When I was diagnosed with cancer, the doctors were so forthcoming about what “could” happen and that everyone’s path is different. It would be hard to predict what “exactly” would happen. That was the warning label I was given. Of course, there were more details, like loss of appetite, nausea, weakness, tiredness and so on and on. But… not a full disclosure of the long-term effects that could also happen.
Not one of my doctors shared that due to the radiation or if
I did experience weakness and stayed in bed for long periods of time… that muscle
loss and weakness could have a long-lasting effect. I guess that it does make
sense right? Use it or lose it! It was a very humble experience and a hard pill
to swallow! I was competing in Spartan races not too long ago. I was a beast!
No way, not me!
Not to mention that my hormones would be way out of whack
and the effects of radiation on my pelvic area would require physical therapy
and ongoing care. I wouldn’t have ever predicted that I would find myself in physical
therapy for my pelvic floor, vaginal/rectal stretching. WTF!!!! I have felt so broken for so long and right
now, I am amazed that some of those symptoms have carried this far beyond my
cancer treatment. Parts aren’t working as they are supposed to, and others are
still in hyper drive. WTF, I thought this would be a 6–10-week thing, but here
I am at 2 years, and my frozen shoulder is still giving me challenges.
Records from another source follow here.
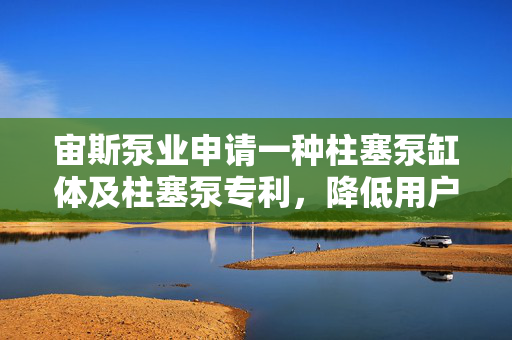 宙斯泵业申请一种柱塞泵缸体及柱塞泵专利，降低用户的维修成本
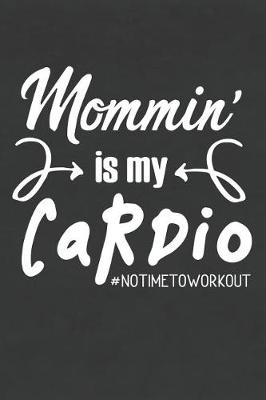 Book cover for Mommin' Is My Cardio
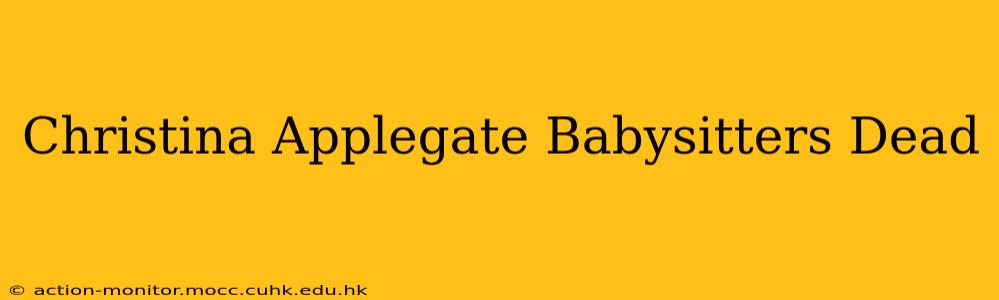 Christina Applegate Babysitters Dead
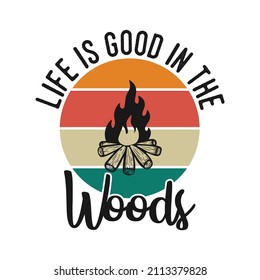 life is better in the woods vintage typography retro mountain camping hiking slogan t-shirt design illustration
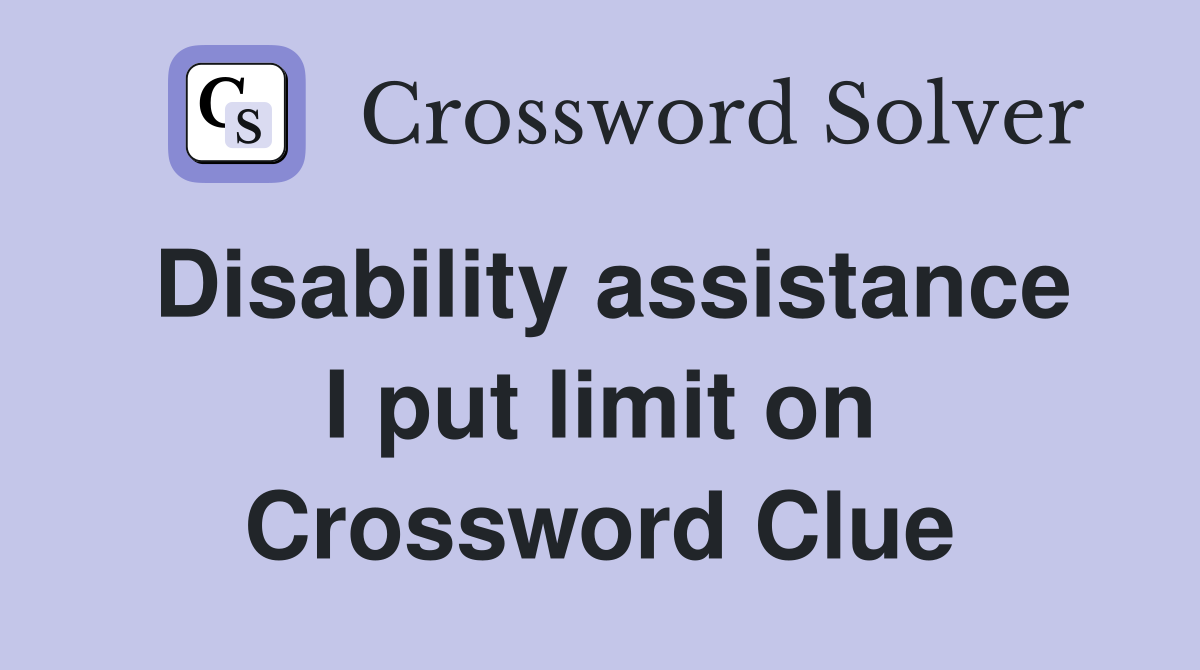 Disability assistance I put limit on Crossword Clue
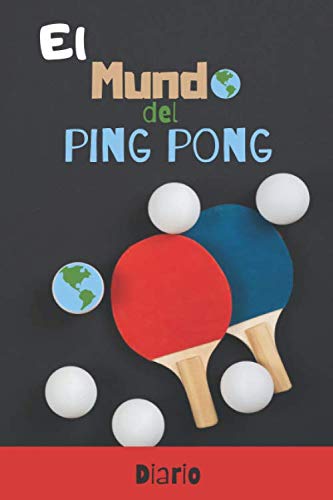 El mundo del ping pong: Diario de jugadores de ping pong| Cuaderno del jugador 121 páginas 6x9 pulgadas | Regalo para los chicos y chicas que practican ping pong | diario de deportes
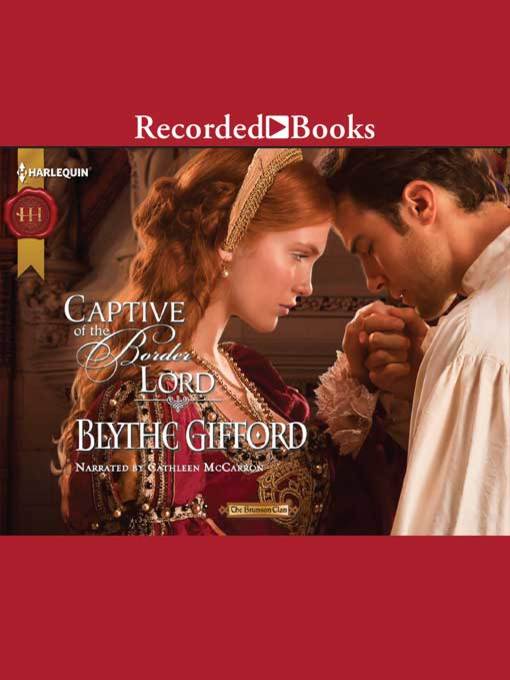 Title details for Captive of the Border Lord by Blythe Gifford - Available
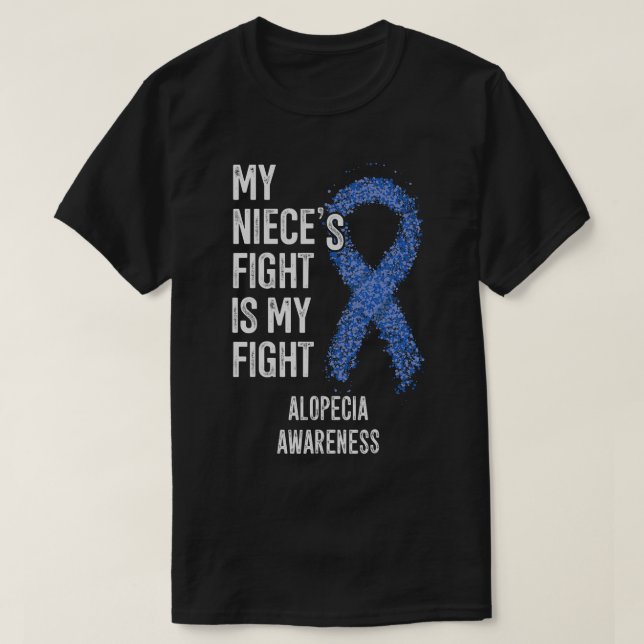 Der Haarausfall in meiner Nichte ist mein Kampf ge T-Shirt (Design vorne)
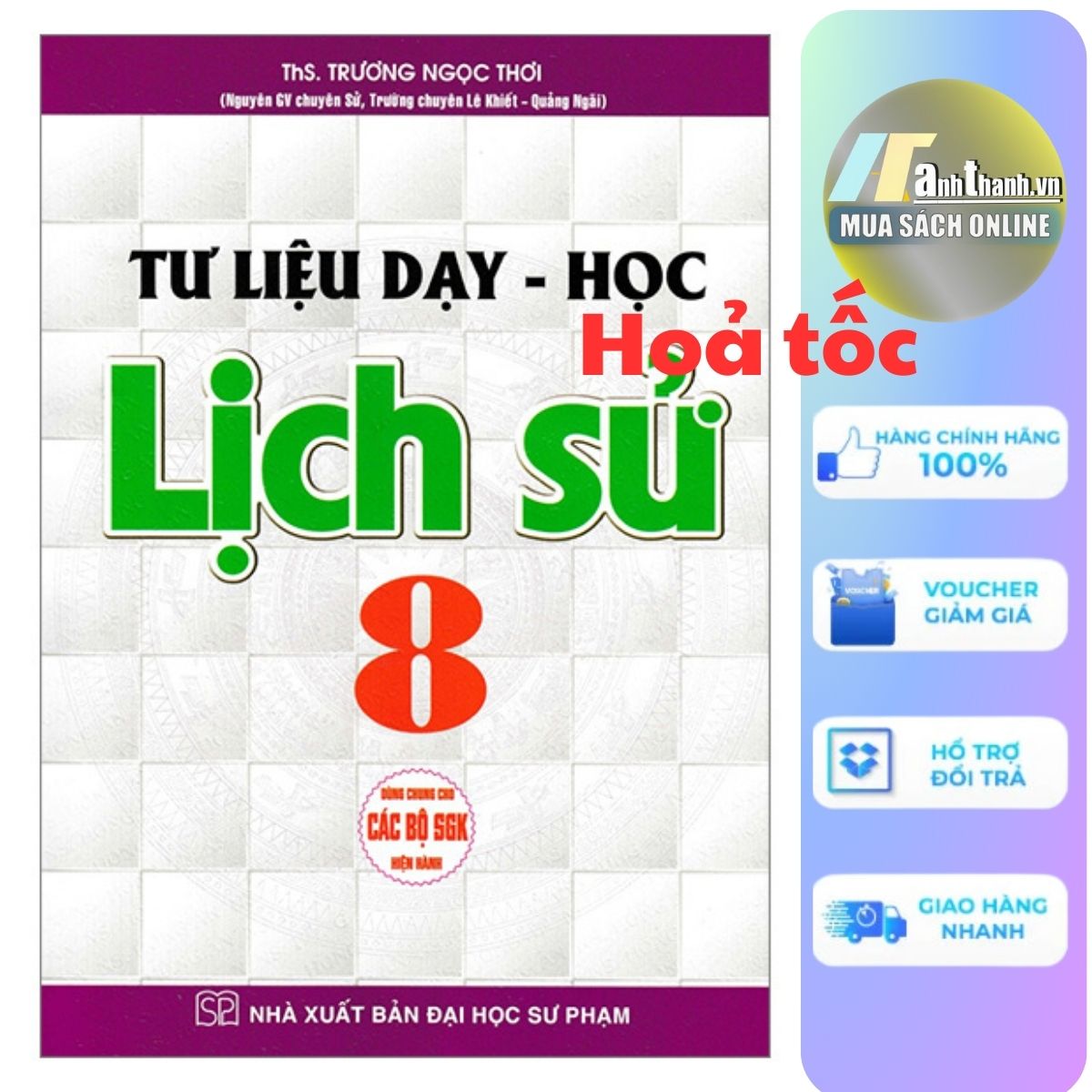 Tư Liệu Dạy-Học Lịch Sử 8 (Dùng Chung Cho Các Bộ SGK Hiện Hành)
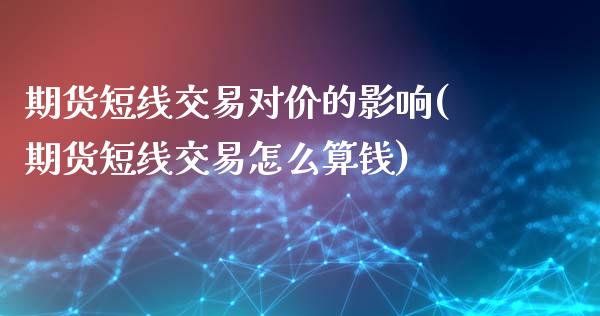 期货短线交易对价的影响(期货短线交易怎么算钱)_https://www.zztgc.com_原油期货_第1张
I am grateful that I STOPPED listening to the doctors and reminded
myself to start listening to my body. Since then, I’ve experienced true lasting
progress. The last time I got into the pool, I couldn’t swim because my
shoulder was in so much pain and extremely tight. If I tried to force it to
move as I wanted it to, I was fearful that I would cause damage. I allowed myself
to stay out of the pool and continued with acupuncture, heat and massage
therapy. I am so happy that when I got into the pool last week, I had full
range of motion. Still weak, but I can rebuild my muscles now that I have that
range of motion. I still have a smidge restriction when I lift my arm straight
(almost straight) up, but I’m confident that over time, that will improve. I guess
I do understand why, but I don’t accept that this is acceptable.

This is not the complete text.